Sonuç olarak tatil, öğrencilerin sadece okula devam etmedikleri, zamanı ve etkinlikleri kendilerinin planlayıp eyleme geçtikleri zaman dilimidir. Tatilde yeni bilgiler öğrenme, spor yapma, sosyal ve kültürel etkinliklere yönelme, hatta bir konuda profesyonelleşmek için fırsat sunulan bir dönem olarak algılanması gerekir. Salgın döneminde çevrim içi işlenen konuların düzenli olarak tekrar edilmesi, eski öğrenmelerle yeni öğrenmelerin ilişkilendirilmesi, yaparak-yaşayarak öğrenme ortamlarının oluşturulması, öğrencilerin her açıdan gelişmesi için son derece önemlidir. Bu dönemde öğrencilerin akrabalarıyla, aile büyükleri ile zaman geçirmesi, kültürel değerleri içselleştirmeleri açısından önemli rol oynar. Tarihi ve turistik yerler hakkında bilgi sahibi olmak için oralara gitmek, görmek önemli ancak maddi sorunu olan öğrenciler buralara gidemezler. Bu sorunu çözmenin bir yolu, internet üzerinden tarihi ve turistik yerleri sanal tur yaparak gezmek, merak ettikleri şeyler hakkında bilgi edinmesini sağlamaktır. Burada anahtar sözcük, öğrenme istek ve arzusu, üst düzeydeki öğrenme motivasyonudur. Yaz tatilinde öğrenme kayıpları %30 civarındadır.

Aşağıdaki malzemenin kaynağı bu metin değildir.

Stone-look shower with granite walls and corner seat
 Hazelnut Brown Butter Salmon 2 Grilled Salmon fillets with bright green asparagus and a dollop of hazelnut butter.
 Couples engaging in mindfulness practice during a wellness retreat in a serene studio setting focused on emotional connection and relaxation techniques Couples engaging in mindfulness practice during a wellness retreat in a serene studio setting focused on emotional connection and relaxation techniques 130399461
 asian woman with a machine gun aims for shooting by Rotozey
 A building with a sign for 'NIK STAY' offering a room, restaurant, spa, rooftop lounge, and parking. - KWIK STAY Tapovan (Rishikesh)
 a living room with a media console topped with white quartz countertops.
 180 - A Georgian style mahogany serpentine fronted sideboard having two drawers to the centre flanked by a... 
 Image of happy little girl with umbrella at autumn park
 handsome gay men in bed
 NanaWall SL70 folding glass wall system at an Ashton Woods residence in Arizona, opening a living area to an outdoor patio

Yaz tatilini yatarak geçiren, kitap okumayan, ek öğrenme fırsatları yaratmayan öğrenciler, eylül ayında okullar açıldığında arkadaşlarına göre yaklaşık iki aylık bilgi kaybına uğramış halde yeni eğitim-öğretim dönemine başlarlar. Dönem sonunda lise giriş sınavı ya da üniversite giriş sınavı varsa, yaz dönemini verimsiz kullanan öğrenci, akranlarını iki ay geriden takip etmek, bilgi eksikliğini kapatmak için çok fazla çaba sarf etmek zorunda kalabilir. Unutmayınız ki, tembeller daha çok yorulur.